Les sommes dues se limiteront par conséquent à la somme de 9911,33 euros, correspondant à la différence entre le montant effectivement débloqué au profit de M. [E] [D] et Mme [U] [W] épouse [W]-[Y] (25500 euros) et celui des règlements effectués par ces derniers (15588,67 euros).
Cette condamnation sera solidaire au regard de la clause de solidarité prévue au contrat.
Le prêteur, bien que déchu de son droit aux intérêts, demeure fondé à solliciter le paiement des intérêts au taux légal, en vertu de l’article 1231-6 du code civil, sur le capital restant dû, majoré de plein-droit deux mois après le caractère exécutoire de la décision de justice en application de l’article L.313-3 du code monétaire et financier.
Ces dispositions légales doivent cependant être écartées s’il en résulte pour le prêteur la perception de montants équivalents ou proches de ceux qu’il aurait perçus si la déchéance du droit aux intérêts n’avait pas été prononcée, sauf à faire perdre à cette sanction ses caractères de dissuasion et d’efficacité (CJUE 27 mars 2014, affaire C-565/12, Le Crédit Lyonnais SA / Fesih Kalhan).
En l’espèce, le crédit personnel a été accordé à un taux d’intérêt annuel fixe de 4,46 %. Dès lors, les montants susceptibles d’être effectivement perçus par le prêteur au titre des intérêts au taux légal majoré de cinq points seraient supérieurs à ce taux conventionnel.
Il convient, en conséquence, d’écarter toute application des articles 1231-6 et 1231-7 du code civil et L 313-3 du code monétaire et
Décision du 29 août 2025
PCP JCP fond – N° RG 25/05373 – N° Portalis 352J-W-B7J-C77PF
financier et de dire que les sommes dues au prêteur ne produiront aucun intérêt, même au taux légal.

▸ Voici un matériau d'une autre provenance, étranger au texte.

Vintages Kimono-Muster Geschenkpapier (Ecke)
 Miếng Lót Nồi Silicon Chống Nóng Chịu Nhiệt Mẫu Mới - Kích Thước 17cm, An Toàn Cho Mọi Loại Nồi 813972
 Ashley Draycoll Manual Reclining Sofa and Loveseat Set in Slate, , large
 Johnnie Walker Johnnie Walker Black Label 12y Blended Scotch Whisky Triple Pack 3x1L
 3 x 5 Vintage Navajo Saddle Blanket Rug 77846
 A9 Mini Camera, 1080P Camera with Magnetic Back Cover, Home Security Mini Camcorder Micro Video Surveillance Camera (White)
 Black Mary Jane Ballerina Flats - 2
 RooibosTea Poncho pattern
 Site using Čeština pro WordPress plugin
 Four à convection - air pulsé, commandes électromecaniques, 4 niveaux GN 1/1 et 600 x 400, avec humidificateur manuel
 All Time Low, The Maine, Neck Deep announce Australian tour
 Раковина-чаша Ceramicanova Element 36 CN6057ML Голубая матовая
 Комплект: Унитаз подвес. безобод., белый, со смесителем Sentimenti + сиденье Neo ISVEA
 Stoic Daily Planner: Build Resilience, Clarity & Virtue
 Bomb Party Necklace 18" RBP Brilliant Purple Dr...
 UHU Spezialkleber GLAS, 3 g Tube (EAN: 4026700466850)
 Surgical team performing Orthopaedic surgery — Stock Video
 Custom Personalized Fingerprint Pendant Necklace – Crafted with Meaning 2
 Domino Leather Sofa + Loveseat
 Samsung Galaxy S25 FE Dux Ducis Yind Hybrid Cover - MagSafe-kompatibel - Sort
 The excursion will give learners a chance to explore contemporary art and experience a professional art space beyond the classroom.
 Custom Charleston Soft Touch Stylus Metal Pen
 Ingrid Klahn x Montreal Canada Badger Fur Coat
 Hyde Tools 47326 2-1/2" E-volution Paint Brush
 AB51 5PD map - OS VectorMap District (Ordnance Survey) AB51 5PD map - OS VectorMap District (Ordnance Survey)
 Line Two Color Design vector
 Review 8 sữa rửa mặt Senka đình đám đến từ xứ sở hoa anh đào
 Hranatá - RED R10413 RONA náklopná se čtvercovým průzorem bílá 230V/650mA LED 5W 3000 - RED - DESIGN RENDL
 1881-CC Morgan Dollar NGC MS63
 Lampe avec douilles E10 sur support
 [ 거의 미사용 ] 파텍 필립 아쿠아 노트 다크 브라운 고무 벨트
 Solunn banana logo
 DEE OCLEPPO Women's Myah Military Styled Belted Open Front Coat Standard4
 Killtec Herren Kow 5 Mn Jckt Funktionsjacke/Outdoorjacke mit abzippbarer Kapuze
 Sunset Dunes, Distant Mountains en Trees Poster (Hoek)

Sur les demandes accessoires
En application de l’article 696 du code de procédure civile, M. [E] [D] et Mme [U] [W] épouse [W]-[Y] , qui succombent à l’instance, seront condamnés in solidum aux dépens.
Ils seront également condamnés in solidum à payer à la société CREATIS la somme de 250 euros au titre de l’article 700 du code de procédure civile.
Enfin, selon l’article 514 du code de procédure civile, les décisions de première instance sont de droit exécutoires à titre provisoire à moins que la loi ou la décision rendue n’en dispose autrement.
PAR CES MOTIFS,
La juge des contentieux de la protection, statuant après débats publics, par jugement mis à disposition au greffe, réputé contradictoire et en premier ressort,
PRONONCE la déchéance totale du droit aux intérêts de la société CREATIS au titre du crédit n°28909000968441 souscrit le 17 juin 2020 par M. [E] [D] et Mme [U] [W] épouse [W]-[Y],
CONDAMNE solidairement M. [E] [D] et Mme [U] [W] épouse [W]-[Y] à payer à la société CREATIS la somme de 9911,33 euros à titre de restitution des sommes versées en application du contrat précité,
DIT que cette somme ne produira pas d’intérêt, même au taux légal,
CONDAMNE in solidum M. [E] [D] et Mme [U] [W] épouse [W]-[Y] à payer à la société CREATIS la somme de 250 euros au titre de l’article 700 du code de procédure civile,
CONDAMNE in solidum M. [E] [D] et Mme [U] [W] épouse [W]-[Y] aux dépens,
RAPPELLE que le présent jugement est exécutoire de plein droit à titre provisoire.
Ainsi signé par la juge et la greffière susnommées et mis à disposition des parties le 29 août 2025.